No sense hosing their windshield down for no reason.
If the cutting-off vehicle is much bigger than the passed vehicle, it's also a way to completely blind the driver behind. I used to drive a pickup truck and now have a little Hyundai, so I found this out. I was never the cutting-off type of driver, but I'm sure there are a bunch of thoughtless or aggressive passers that may not know they are doing this.
When I was learning, if you realised you needed to turn and doing so would be dangerous, you kept going in the lane you were in and turned around at the next junction where it was safe to do so.
Having ridden motorcycles for 64 years until mobility issues said "No" and driven heavy trucks off and on for about the same length of time, I have an appreciation for the sphincter tightening reaction when someone invades my "safe zone". Reactions can be unpredictable.
A blast on the air horn can result in a new hood ornament on a Peterbilt.
On a motorcycle, I'll immediately move, speed or slow to where I again have my "escape route" and keep telling myself to not get upset. Losing emotional control is almost as dangerous as any other distraction. But, where it can be done safely, I've been known to ride alongside a stopped car and improve the driver's vocabulary while making direct references to his habits and parentage.
Why is it that driving at a legal speed in the right lane, you will have some idiot race up behind you to within a few feet before they pull left to pass? Is it some ego to show that THEY are such good drivers that they can't be inhibited by speed limits?
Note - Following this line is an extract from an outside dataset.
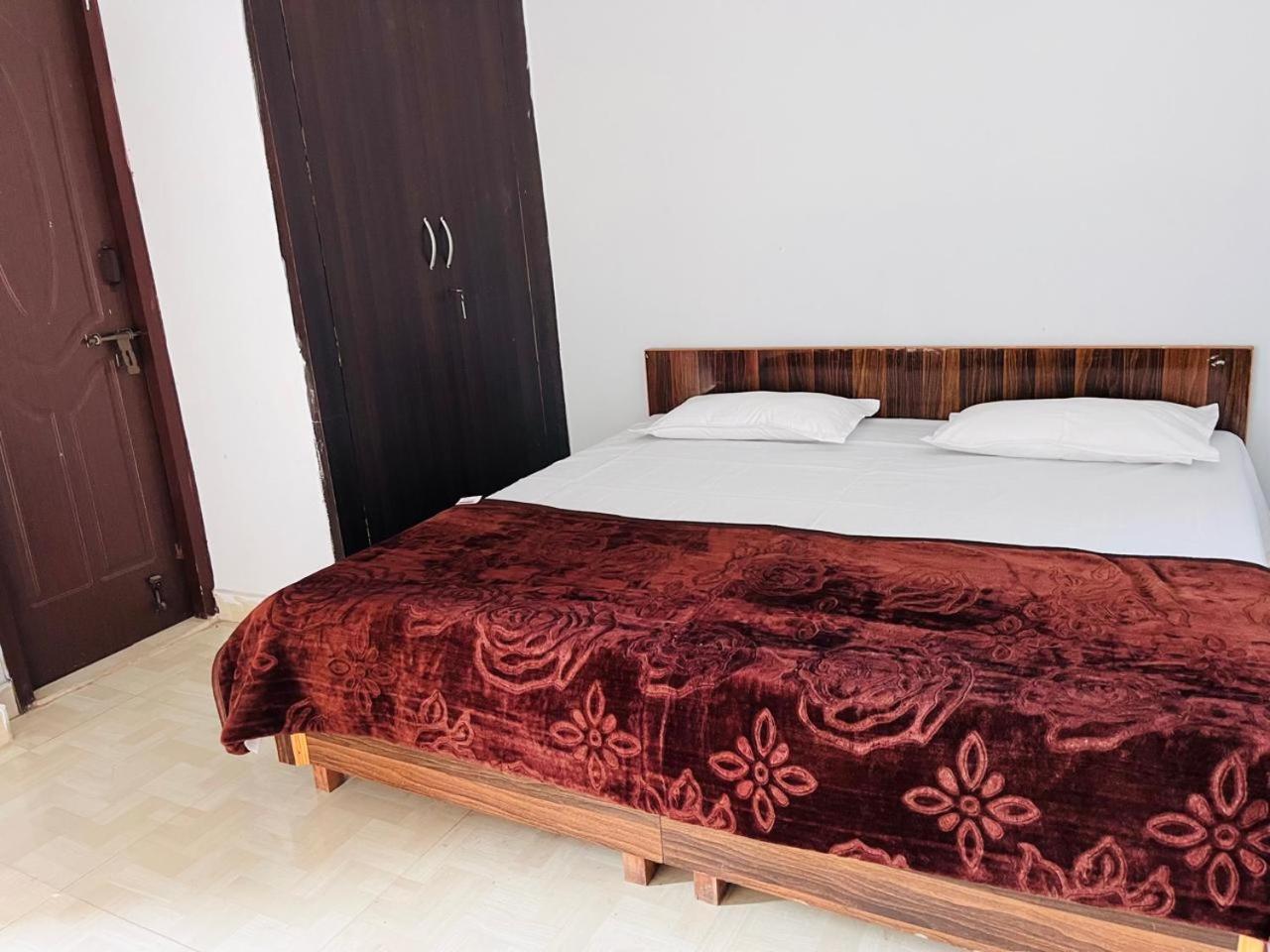 Kaushik Bhawan Hotel Rishikesh Luaran gambar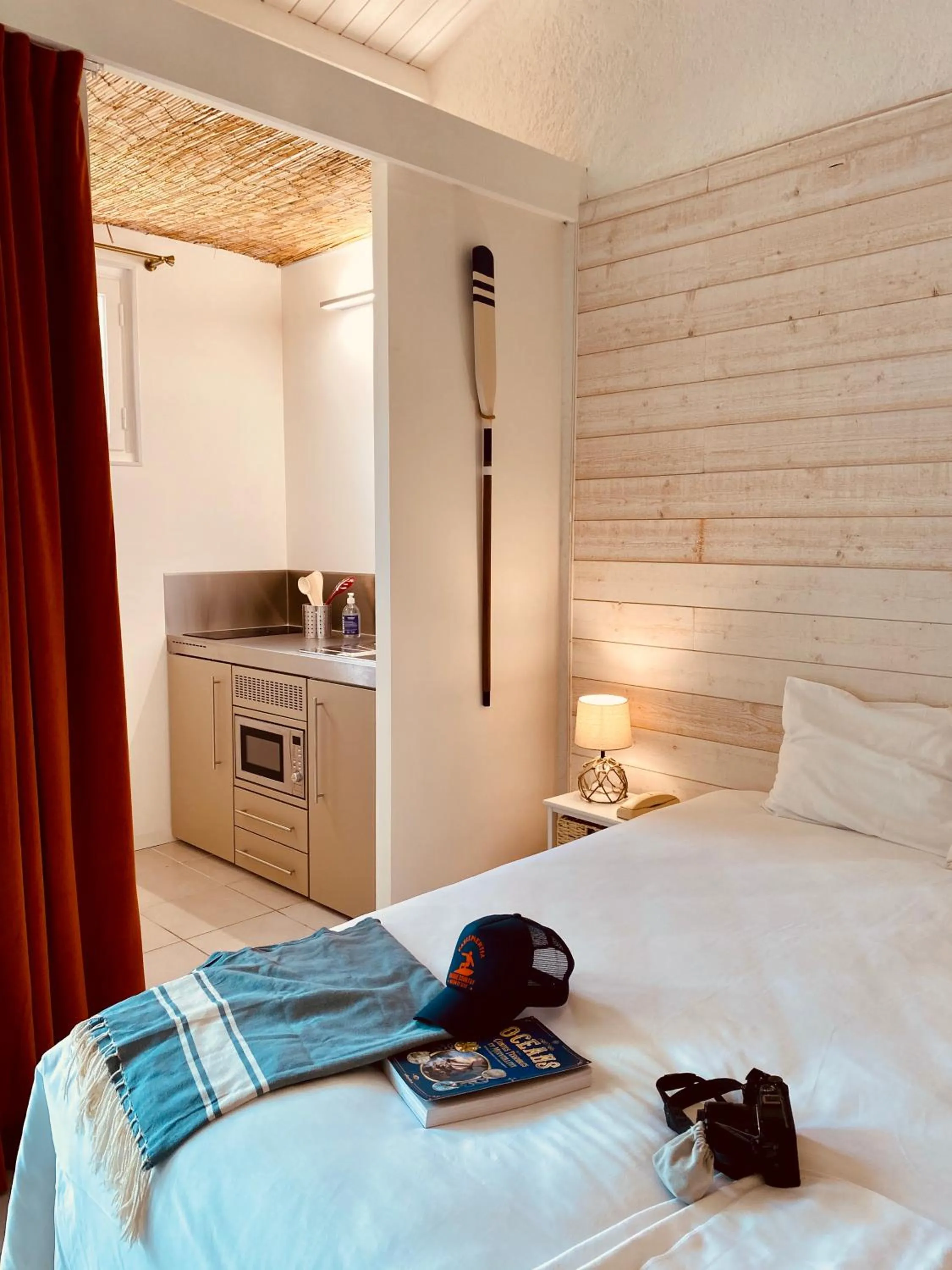 Kitchen or kitchenette, Bed in Hôtel Île de Lumière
Back in the day I did some rally driving and was not known for being slow. Maturity tells me that my skills are not as sharp as they once were but even then, I didn't try to intimidate other drivers. I have a low tolerance for those who do.
Tailgaters just get my goat. I refuse to speed up for them and where able, will always permit them to pass.
But I suppose I'm pretty "Old School" eh? I still remember when "courtesy" was part of our language.
Perhaps putting a person's cell phone number on their licence plate might remove the anonymity factor?
Truckers blame the 4 wheelers and vice versa. I remember the days when if you caught up to a slower moving vehicle the driver would move over the fog line (technically not legal) and let you go by. Today that never happens.
Now remember I spend most of my time driving on single lane highways so what one has to put up with on 4 lane or divided highways is entirely different.
Truckers tailgating truckers. I believe it is recommended that 60m be left between commercial rigs or any vehicle in front of them yet one seldom sees this. I have seen it where there is insufficient room to fit a full size crewcab pick-up between them. Every year there is accidents locally where a car is pancaked between two commercial vehicles. These are not accidents caused by a car driver cutting in too soon but where they have had a commercial vehicle catch up and ride their bumper and sometimes with winter conditions little chance for them to pull off the road and let the truck by. You can say all you want about slowing down and increasing the distance between you and the vehicle in front but think of the intimidation some drivers feel when they have a rig pull up to their bumper often on high beam and stay there. The thought of slowing down is the last thing on their mind.
Generally speaking I am travelling faster than the commercial vehicles especially when climbing yet I have seen it when driving my car that the truck that has caught up to me while I am trying to get by the truck in front of me is so close that all I can see in the inside mirror is the radiator grill!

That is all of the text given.